You´ll be stopping many times along the way for a quick photoshoot of these views.
It looks the same but it is not. It´s all mountains and forests but every new turn of the road unveils a better spot to admire, an even better looking landscape.
The extremely sharp hairpin turns lead you all the way up to a height of 2,042 metres (6,700 ft) which is by far the best part of the experience.
Transfăgărășan crosses Făgărăș mountains and it was build in the ´70s by the former dictator as a strategic military route in case the Soviets decided to pull on us the same invasion trick they did in Czechoslovakia.
It´s open only from June to October due to the heavy snows that fall on the road but sometimes even in August you can be put off by thick fog and cold weather.
It rises up to 2134 meters and yes, the Northern part is the most spectacular one if you´re lucky to get great weather as we did.
These views are hypnotising. You look far into the horizon and it´s impossible to tell where the mountains stop and where the sky begins. The curvy road is the only real human print in this majestic landscape.
As you descended the views of rocks, sharp edges and meadows are replaced by vast pine forests and eventually reach Vidraru Lake and dam, perfect for a stop over, food and drinks.
I would suggest you stop along the way and visit Cetatea Poenari, take a small roadtrip to Capra waterfall and maybe spend a night at Bâlea Lac Hotel for an authentic experience.
We´ve seen people up on their bikes all the way to the top and back, hikers and just simple tourists driving just like us.

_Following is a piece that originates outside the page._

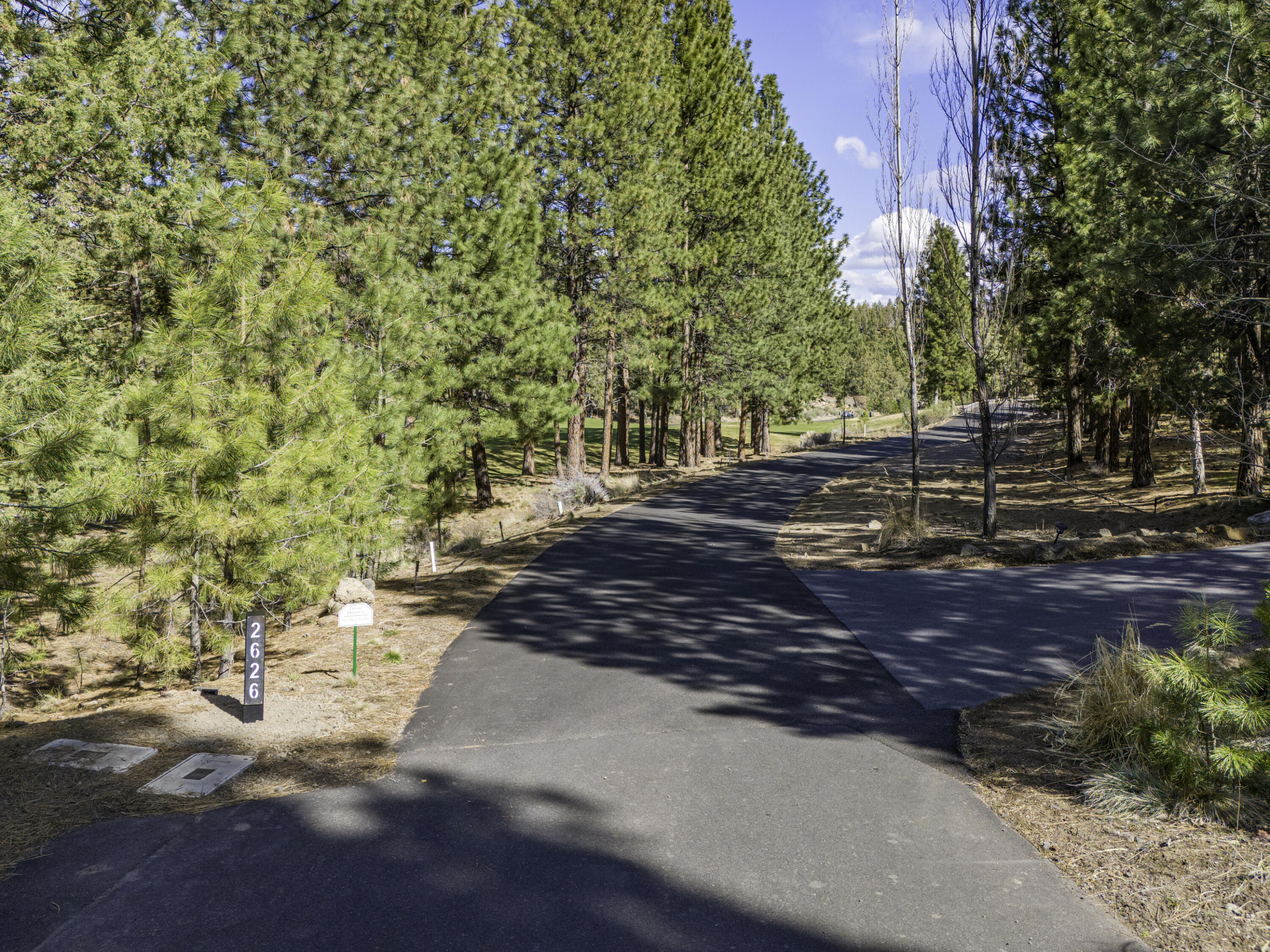 2638 NW Runyun Court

However you´d like to enjoy this road you´re definitely in for a great day and experience!
Practical info for driving on Transfăgărășan road:
- The road is officially called DN7C (National Road 7C).
- It´s open from June / July to October / November, depending on the weather. In summer the place might be very crowded with tourists so if you want is all for yourself travel mid-week and earlier in the morning.
- It´s forbidden to drive at night so do plan your trip accordingly
- Up on the mountain it can be a bit chilly so pack a few extra layers
- The average driving speed is around 40 km/h (25 mph)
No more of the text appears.